En el hotel Pandemonio

67

Cada generación imagina de nuevo el Infierno. Explora su terreno en busca de incongruencias, y lo recrea en un molde más nuevo; escudriña sus terrores y si es necesario los reinventa para adecuarlos al clima actual de atrocidad; vuelve a diseñar su arquitectura para que horrorice al ojo de los condenados modernos. En otra época, Pandemonio, la primera ciudad del Infierno, se erguía sobre una montaña de lava mientras los relámpagos desgarraban las nubes por encima de ella y las almenaras ardían en los muros para convocar a los ángeles caídos. En la actualidad, ese espectáculo es propio de Hollywood. El Infierno se ha transformado. No hay relámpagos, ni pozos de fuego.

En un solar a unos cuantos cientos de metros de un paso elevado de la autopista, encuentra una nueva encarnación: decadente, degenerado, abandonado. Pero aquí, donde los gases envenenan la atmósfera, los pequeños terrores adquieren una nueva brutalidad.

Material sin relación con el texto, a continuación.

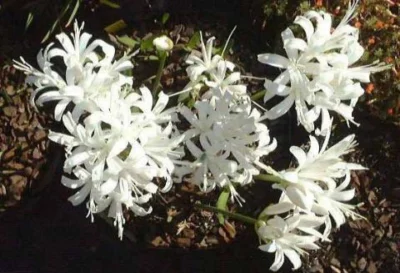 Nerine sarniensis ‘Virgo”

El cielo, por la noche, tendría el aspecto del Infierno. Así el hotel Orfeo, en adelante llamado Pandemonio.

Antaño había sido un edificio impresionante, y podría haber vuelto a serlo si los propietarios hubieran estado dispuestos a invertir en él. Pero, probablemente, reconstruir y acondicionar de nuevo un hotel tan grande y anticuado no era viable desde el punto de vista financiero. En algún momento del pasado el fuego lo había devorado, y había destruido la planta baja y los dos primeros pisos antes de extinguirse. El humo había deslucido el tercer piso, así como aquellos por encima del mismo, y solo había dejado vestigios desvaídos del antiguo encanto del hotel.

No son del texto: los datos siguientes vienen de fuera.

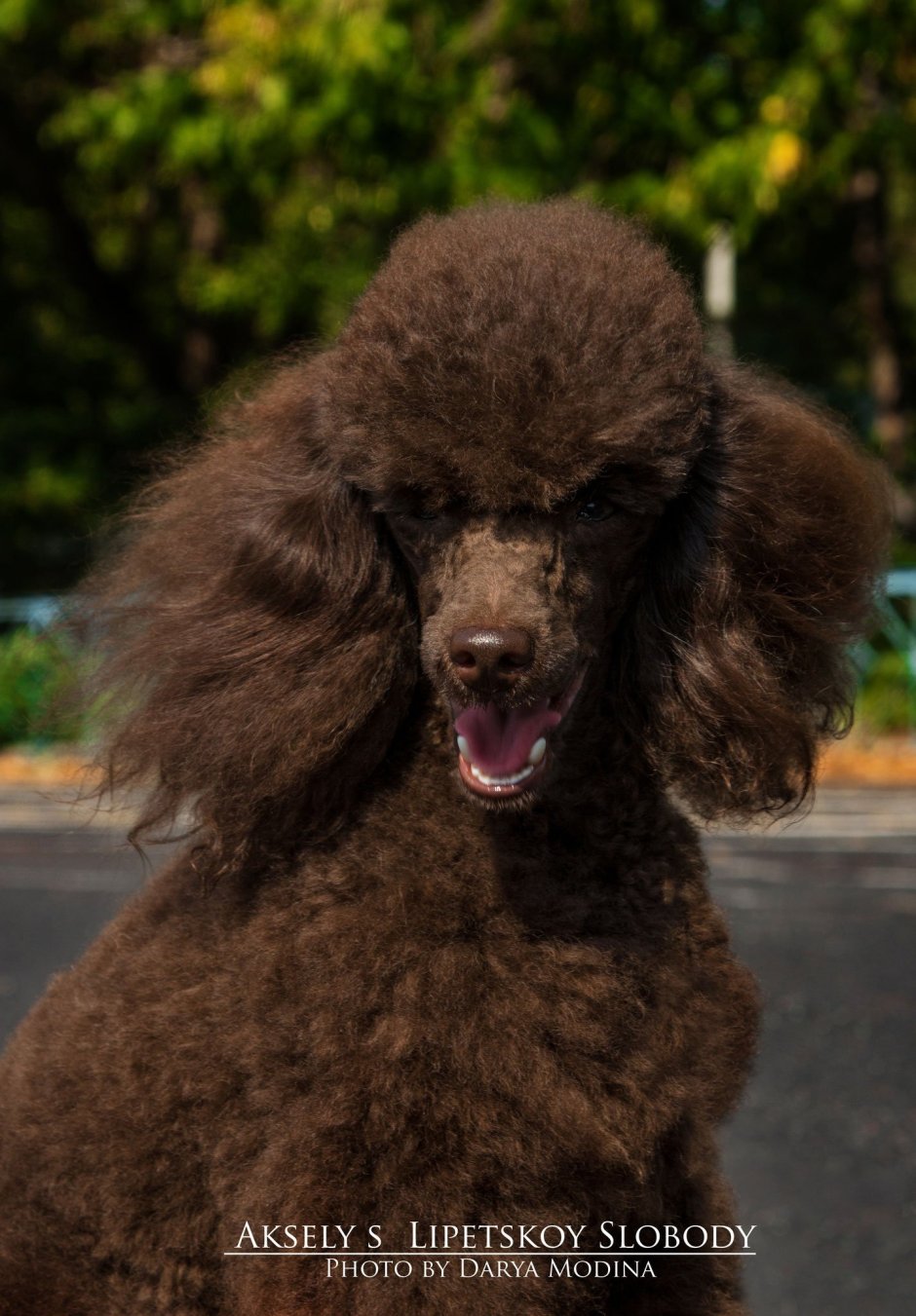 Мини пудель шоколад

Los caprichos del departamento de obras públicas se habían cobrado aún otro precio en las posibilidades de restauración del edificio. Como había explicado Halifax, los terrenos que lo rodeaban se habían despejado para emprender un proyecto de renovación, que sin embargo nunca se había llevado a cabo. El hotel se erguía en medio de un magnífico aislamiento, rodeado de un laberinto de carreteras que afluían a la MI, a menos de trescientos metros de una de las extensiones de cemento y asfalto más transitadas del sur de Inglaterra. Miles de conductores la recorrían cada día, pero para entonces la grandeza depauperada del hotel les resultaba tan familiar que probablemente apenas eran conscientes de su existencia. Whitehead había sido muy astuto, pensó Marty, escondiéndose a la vista de todo el mundo.